OSU welcomes the first cohort of the Ethiopian LMG Delegation
Thursday, October 27, 2022
Media Contact: Kelli Norton | Communication Specialist | 405-744-5496 | email@example.com
Oklahoma State University recently welcomed a delegation of 28 Ethiopian higher education administrators to Stillwater as part of a U.S. Department of State grant to offer a professional development training seminar for higher education administrators in Ethiopia.
The program, entitled the Ethiopian Higher Education Leadership, Management and Governance Program (LMG), is funded by the U.S. Embassy in Ethiopia, and is a collaboration of Oklahoma State University, Ohio State University and Texas Tech University. The collaboration will last three years, during which two separate cohorts of senior leadership of Ethiopian universities will visit each of the three campuses, as well as participate in in-country workshops on university leadership and governance.
The first cohort from the LMG program was comprised of presidents and vice presidents of 23 different Ethiopian universities, as well as senior leadership from the Ethiopian Ministry of Education.
During their time at OSU, the delegation met with several OSU leaders, including OSU President Kayse Shrum; OSU Provost Jeanette Mendez; Chad Weiberg, vice president and athletic director; Dr.
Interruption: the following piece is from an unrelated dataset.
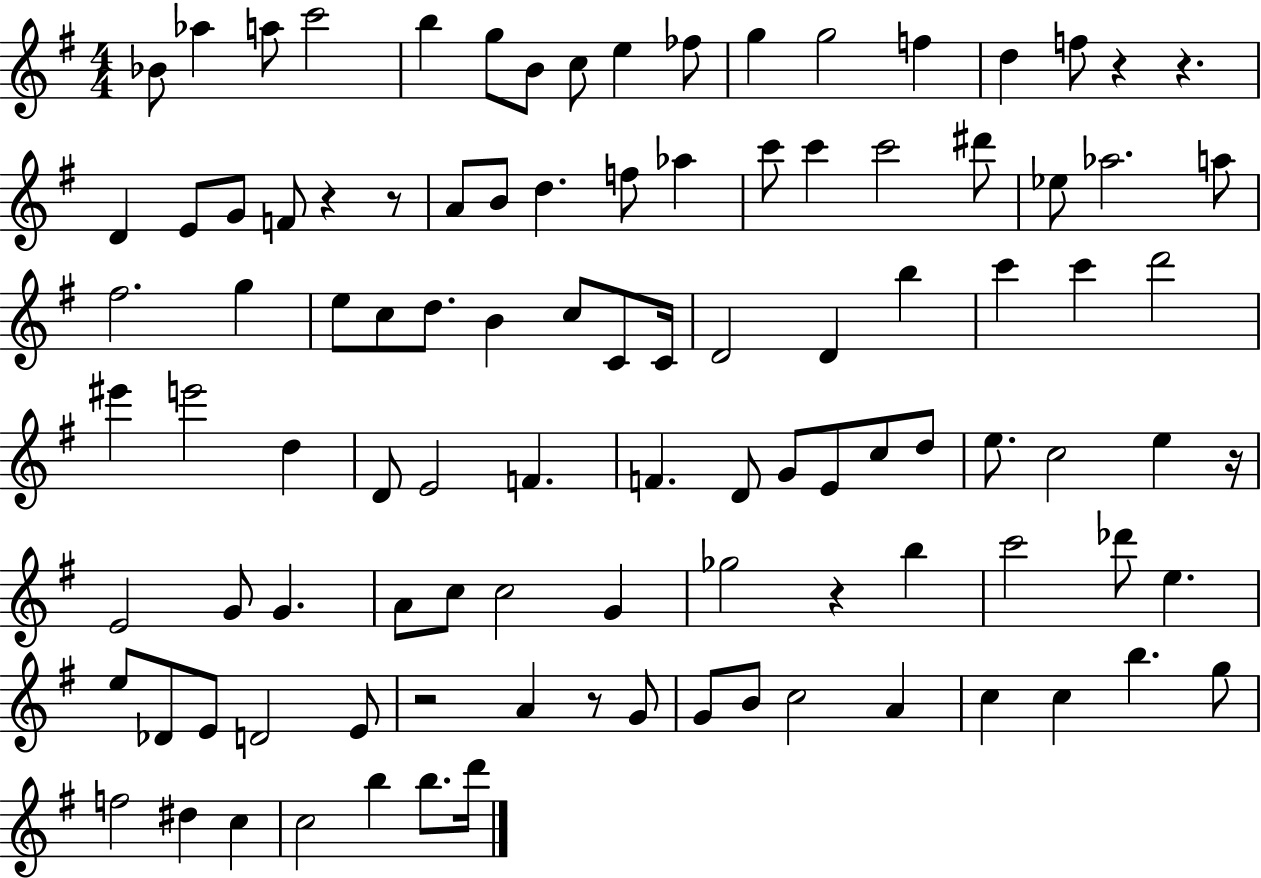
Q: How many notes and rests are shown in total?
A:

Paul Tikalsky, dean of the College of Engineering, Architecture and Technology; Oklahoma A&M Regents CEO Jason Ramsey; and others.
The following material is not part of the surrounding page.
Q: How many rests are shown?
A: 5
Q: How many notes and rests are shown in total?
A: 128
The leadership at OSU provided unique insights into how a land-grant university began and continues to fulfill its mission.
Dr. Shrum conveyed the challenges she has faced as a new university president and how to inspire, lead and focus those around her to achieve the universities mission; Dr. Mendez touched on her experience as a woman in an educational leadership position and how to foster an environment of diversity; and Dr. Kenneth Sewell, vice president of research, discussed the relevant research conducted at OSU to carry on the legacy of a land grant university.
To better understand the role of faculty governance in the U.S., the delegation attended an OSU Faculty Council meeting and met the leadership of the Faculty Council to gain understanding on the role and responsibilities of the faculty in university governance. The delegation also toured OSU’s state-of-the-art facilities, such as the Endeavor Lab and the Food and Agricultural Products Center.
“We are delighted that we have been able to welcome these delegates to OSU’s campus,” said Dr. Randy Kluver, associate provost and dean of the School of Global Studies and Partnerships. “Most of them are very familiar with OSU’s history and legacy in Ethiopia, and now have direct experience on the campus which had such a profound impact on higher education in Ethiopia.”
Before leaving Oklahoma, the participants traveled to the Hamm Institute for American Energy in Oklahoma City to see practical, global solutions currently being developed. Jerome Loughridge, senior vice president of operations, took the delegation on a tour of the facilities and showed the groundbreaking work done at the institute.
OSU’s relationship with Ethiopia began in 1951, when Oklahoma A&M College (now OSU) President Henry G. Bennett was tapped by President Harry S. Truman to head the Point IV Program, a technical assistance program now known as the U.S. Agency for International Development (USAID). As a part of a contract signed with the Ethiopian government, dozens of OSU faculty and staff moved to Ethiopia to establish two of the nation’s top universities: Haramaya University and Jimma University.
Planning for the program began several years ago, but implementation was delayed by the onset of the COVID-19 pandemic and ongoing conflict within Ethiopia. The second cohort of the delegation is expected to visit OSU in the fall of 2023.